We did not apply any restrictions on study design or outcome measures. Studies investigating a general population, patients with infectious diseases or patients with mental health disorders were excluded. Publications that did not use a methodology (e.g. editorial) were also excluded, whereas papers that reported on methodology but not on research findings were included (e.g. protocols).

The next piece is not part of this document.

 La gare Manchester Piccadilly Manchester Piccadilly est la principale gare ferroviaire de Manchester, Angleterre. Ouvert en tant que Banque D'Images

Identified papers were screened independently by at least two reviewers (ME, LS and KA) using Rayyan (15). Discrepancies were resolved through consensus or a third reviewer (PW). Foreign language records were translated and assessed by the review team.
Data abstraction
Data were abstracted using standardized forms developed in Google Forms. Forms were piloted on a small sample of studies and adapted as necessary. The form included study characteristics (first author, year of publication, geographical location of study population), study aims, population details (which chronic disease(s) and sample size), methodology (study design and statistical methods), monitoring test and outcome measures. In order to minimize bias and errors, data abstraction was performed by one reviewer and checked by a second reviewer (ME and LS). Disagreements were resolved through discussion or referral to a third reviewer where necessary. If full texts were unavailable, data were abstracted from the abstract where possible.
Synthesis
The results are described and charted according to the scoping framework published by Arksey and O’Malley (16) and guidance by Peters et al. (17). An overview of the volume and nature of available evidence is represented graphically using tables and charts. Several simplifications were made in order to categorize variables and visualize them in charts. For instance, ‘hepatic injury’ and ‘liver cirrhosis’ were categorized as ‘liver disease’, and ‘glomerular filtration rate’ and ‘microalbuminuria tests’ were categorized as ‘renal function tests’. Most categories were predefined in the data abstraction form (14), although some extra categories were added based on the data. For example, ‘response to test results’ (e.g. whether the clinician adjusted the medication in response to the test results) was included as an outcome category because it was identified during data abstraction and did not fit into any existing category. Sparse or unclear data were put in an ‘other’ category.
Results
The database search yielded 12 061 citations; of which, 8243 were unique. Seven thousand nine hundred and thirty-three citations were excluded based on title and abstract. The remaining 310 citations underwent full-text review. At the full-text screening stage, 216 papers were excluded based on publication type (no methods reported, e.g. editorial), setting, monitoring test, population or no abstract available (Fig. 1). Ninety-four studies were included in the scoping review (Fig. 1) (8,18–109), including seven studies for which full texts could not be retrieved, so data were abstracted from the abstract (101,102,104,106–109). Six included non-English papers were in French, German, Hebrew, Hungarian, Polish and Portuguese, which were translated and assessed by the review team (34,40,110–113).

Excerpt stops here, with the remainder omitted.